‘Lincoln’ Logs In– A Historical Movie for the Ages

‘Lincoln’ Logs In– A Historical Movie for the Ages November 16, 2012

This one was personal, deeply personal for me as a son of the South. As a child I used to read all about the Confederacy. I still have my Pictorial History of the Confederacy. I grew up in the old South before integration in the public schools, before integration at public restaurants, when there were still separate bathrooms at all sorts of public places, and one of them said ‘colored’. Not black men and then black women, but one bathroom labeled ‘colored’. I remember even seeing one of the last parades of Confederate veterans on Confederate Veteran’s Day as a small child. I remember going to school in Boston and being deeply shocked to discover that not all the schools there were integrated even in 1974, even though that happened in the South in 1968. I remember going into the houses of some African Americans and there on the wall would be pictures of Lincoln. Lincoln the great emancipator. Lincoln the greatest President we have ever had, and in so many ways the most human and humane one as well.

It is personal for me as well because I live in the town, Lexington Kentucky, where Mary Todd Lincoln’s house can be found, and where Jefferson Davis lived and went to college at Transylvania College. I have visited the Lincoln homestead out in the country in Kentucky, and have pastored a church not a stone’s throw from where Carl Sandburg wrote his epic multi-volume biography of Lincoln. Almost anytime I reach into my pocket looking for change, there is the face of Abraham Lincoln staring back at me.

And I can say to you today, that short of the Kingdom of God, I have come as close as I ever will to seeing him in the flesh. Daniel Day-Lewis has shown me the man himself in one of the most transcendent portrayals of a historical figure ever on film… complete with the speech and gait and stooped shoulders and facial hair and humor and zeal and profundity of the man himself.

Day-Lewis is of course a method actor, by which I mean he believes in embodying the man himself, becoming Lincoln for a period of time. He wouldn’t even allow when he was not being filmed for anyone to address him as other than Lincoln. He would stay in the part throughout the whole of the filming. The story goes that Spielberg came to him, offered him the part, and said he wanted to start filming in six months. Day-Lewis retorted that he needed a full year to study Lincoln and everything we know about him before he could do the part. Spielberg, who is not used to being told ‘not now’, decided it was the better part of wisdom to wait. I am thinking that now, he is ever so glad he did.
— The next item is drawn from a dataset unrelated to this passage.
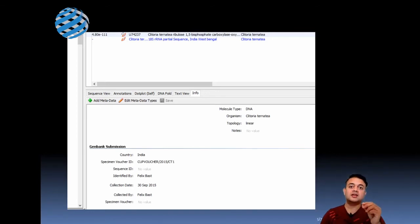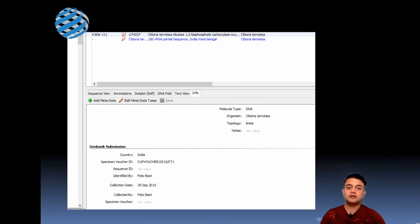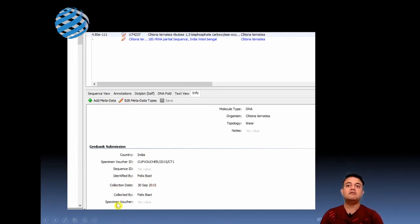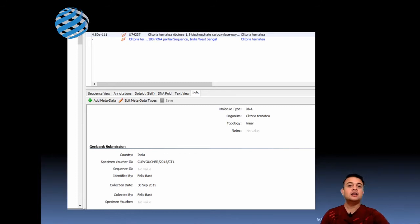If you're working with animals, you can enter the museum accession number. If you're working with microbes, you can enter the type culture ID — for example, IMTECH in India, ATCC, or UTEX if working with microalgae. You can specify who identified the species, when you collected the specimen, who collected it, and the specimen voucher ID. All this information can be added before submitting to GenBank.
Day-Lewis gives not merely an Oscar worthy performance, he may have given the greatest performance I have ever seen. And he is surrounded by a superb cast that themselves are worth of awards— Sally Fields as Mary Todd Lincoln and Tommy Lee Jones as Thaddeus Stevens, to name but two. For two hours and 29 minutes you are mesmerized by the color, the pathos, the rhetoric of Lincoln and his compatriots.

This is not really a Civil War movie, and re-enacting buffs will not get much cud to chew on in this film. It is a movie about a four month period in Lincoln’s life, and a little more leading up the passing of the Abolition amendment, the 13th Amendment to the Constitution and on to Appomattox. We learn about Lincoln the politician and compromiser, not above using lobbyists and promises of jobs to obtain votes for the amendment. We learn about his love for his son Tad, and his sometimes tumultuous relationship with his wife he called Molly. In the vein of ‘plus change plus la meme chose’, we see Congress deeply divided and always bickering and calling each other names, and getting not much accomplished. The movie is especially timely as Lincoln was pressing this matter just after being re-elected for a second term and dealing with a lame duck Congress.

There is nothing not to like about this movie. It is filmed beautifully, it is historically accurate to a very great extent (yes Lincoln was that funny a story teller), you can almost smell the mud, and the blood of war, and feel the weight of the world on Lincoln’s shoulders. You can see the moral dignity and yet at the same time the political and legal nature of this President. This is the kind of movie which can indeed change a man’s mind or a woman’s heart, at least in regard to understanding that human beings are capable of great moral good, and equally great moral evil. As for slavery, John Wesley had it right when he wrote to William Wilberforce calling it “the inexorable sum of all villainies”.

Someday, if you find yourself listening to Copland’s wonderful A Lincoln Portrait, or remember when you were asked to learn the Gettysburg address, you will think back to when you saw this movie and say— ‘behold the man’. Not Jesus, by a long shot, but someone doing the Lord’s work, a work for which he paid dearly with his very life. Ask yourself today— what does equality really mean? What price have we paid for freedom and democracy? When you ask those questions, you have asked the very ones for which Lincoln lived and died, and many another with him. He was a man ‘fitted’ to the times. We need another like him now.